In form: Serbia captain Dusan Tadic is about to win another Dutch title with Ajax after scoring 13 goals in 23 games this term

In form: Serbia captain Dusan Tadic is about to win another Dutch title with Ajax after scoring 13 goals in 23 games this term

In form: Serbia captain Dusan Tadic is about to win another Dutch title with Ajax after scoring 13 goals in 23 games this term

The Serbian FA put up a video from a training session earlier this week at their base outside Belgrade, the starring role falling to manager Dragan Stojkovic, who juggled a ball with the grace and ease which would put most modern-day players to shame.

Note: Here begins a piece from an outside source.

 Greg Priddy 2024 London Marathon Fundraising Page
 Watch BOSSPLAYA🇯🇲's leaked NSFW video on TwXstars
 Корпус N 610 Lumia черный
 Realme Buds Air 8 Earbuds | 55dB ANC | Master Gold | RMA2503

The 55-year-old Stojkovic still has pure class in his boots, but everywhere he looked on that training pitch, as he prepared for tonight’s duel with Ireland, quality also sparkled.

The Serbia team which he has inherited has some players who don’t spark instant recognition in this Anglo-centric part of the world, but who are close to being in Europe’s elite.

Lazio’s Sergej Milinković-Savić regularly features in the voting for the top three players in Serie A every month; Fiorentina forward Dusan Vlahovic (21) is regarded as the best young striker in Italy; Real Madrid thought enough of Luka Jovic to spend €60m on him (though they did then loan him out).

Dusan Tadic didn’t set the world on fire in his four-year spell at Southampton but he’s one of the most in-form players in the Dutch league, his Ajax side about to win yet another league title thanks in no small part to his 13 goals in 23 games.

Serbia’s starting XI tonight is likely to call on four players from Serie A, two each from the top divisions in Spain, Holland and France, with one more possibly from the Bundesliga.
Ireland, poor old Ireland in contrast, could have up to five players from clubs in England’s second tier in their XI, with only a couple of Premier League regulars. In numerous engagements with the local media this week, not one Serbian player has name-checked an Irish opponent to be wary of while coach Stojkovic seems unfussed by the XI that Stephen Kenny picks.

This World Cup tie boils down to the clash of a Champions League team with a Championship side.

Serbia are the opposite of Ireland; a squad packed with individual talents but also devoid of the team spirit which drives the Republic who are less talented but more motivated compared to the pre-Stephen Kenny era with wins against sides like Germany, Italy, Austria and Wales.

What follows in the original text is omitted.